------ Data for analysis ------

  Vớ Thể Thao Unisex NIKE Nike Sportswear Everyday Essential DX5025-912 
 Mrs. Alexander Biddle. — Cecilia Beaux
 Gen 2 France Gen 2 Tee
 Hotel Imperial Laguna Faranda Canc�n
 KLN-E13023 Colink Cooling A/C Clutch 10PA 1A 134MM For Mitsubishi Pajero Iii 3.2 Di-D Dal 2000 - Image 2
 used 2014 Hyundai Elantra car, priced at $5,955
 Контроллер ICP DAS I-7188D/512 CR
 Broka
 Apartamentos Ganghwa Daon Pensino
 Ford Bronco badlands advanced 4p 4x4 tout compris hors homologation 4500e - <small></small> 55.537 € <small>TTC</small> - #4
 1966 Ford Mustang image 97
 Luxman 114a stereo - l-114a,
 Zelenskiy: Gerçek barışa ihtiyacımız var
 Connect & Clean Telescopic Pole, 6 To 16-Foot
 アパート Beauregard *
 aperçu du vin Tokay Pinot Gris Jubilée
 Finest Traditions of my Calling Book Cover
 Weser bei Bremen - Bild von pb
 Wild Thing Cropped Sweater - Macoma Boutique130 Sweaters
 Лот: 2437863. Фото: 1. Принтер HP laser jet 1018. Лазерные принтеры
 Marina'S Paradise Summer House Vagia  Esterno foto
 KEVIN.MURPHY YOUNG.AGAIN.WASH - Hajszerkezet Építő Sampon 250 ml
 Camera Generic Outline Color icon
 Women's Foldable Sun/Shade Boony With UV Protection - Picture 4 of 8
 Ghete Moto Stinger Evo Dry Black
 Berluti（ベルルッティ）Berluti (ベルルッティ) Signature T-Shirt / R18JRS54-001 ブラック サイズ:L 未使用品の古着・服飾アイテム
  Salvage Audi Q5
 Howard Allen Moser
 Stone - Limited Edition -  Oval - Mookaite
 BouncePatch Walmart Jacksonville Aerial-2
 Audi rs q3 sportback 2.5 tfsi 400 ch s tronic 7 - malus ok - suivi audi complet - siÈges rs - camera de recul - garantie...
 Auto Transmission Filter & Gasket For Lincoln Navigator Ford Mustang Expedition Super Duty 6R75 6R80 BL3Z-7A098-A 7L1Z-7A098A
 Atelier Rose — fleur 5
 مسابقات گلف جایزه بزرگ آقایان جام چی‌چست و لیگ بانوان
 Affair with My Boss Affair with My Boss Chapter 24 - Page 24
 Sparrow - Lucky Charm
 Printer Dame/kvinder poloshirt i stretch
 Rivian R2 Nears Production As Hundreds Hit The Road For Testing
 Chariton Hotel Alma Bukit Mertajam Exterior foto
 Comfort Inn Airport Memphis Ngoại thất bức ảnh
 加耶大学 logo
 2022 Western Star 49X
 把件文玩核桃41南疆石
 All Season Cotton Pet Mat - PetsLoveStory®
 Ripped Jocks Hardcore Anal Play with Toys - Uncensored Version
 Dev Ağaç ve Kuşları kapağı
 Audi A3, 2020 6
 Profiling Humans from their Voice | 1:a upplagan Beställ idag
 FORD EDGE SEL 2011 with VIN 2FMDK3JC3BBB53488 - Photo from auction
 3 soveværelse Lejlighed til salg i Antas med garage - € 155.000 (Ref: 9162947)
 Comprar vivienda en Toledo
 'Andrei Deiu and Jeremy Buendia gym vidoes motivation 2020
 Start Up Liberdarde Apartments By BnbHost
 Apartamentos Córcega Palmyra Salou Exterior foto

------

Task to carry out -
From the listing above, copy every line that includes the word "Exterior".

Task solution -
 Chariton Hotel Alma Bukit Mertajam Exterior foto
 Apartamentos Córcega Palmyra Salou Exterior foto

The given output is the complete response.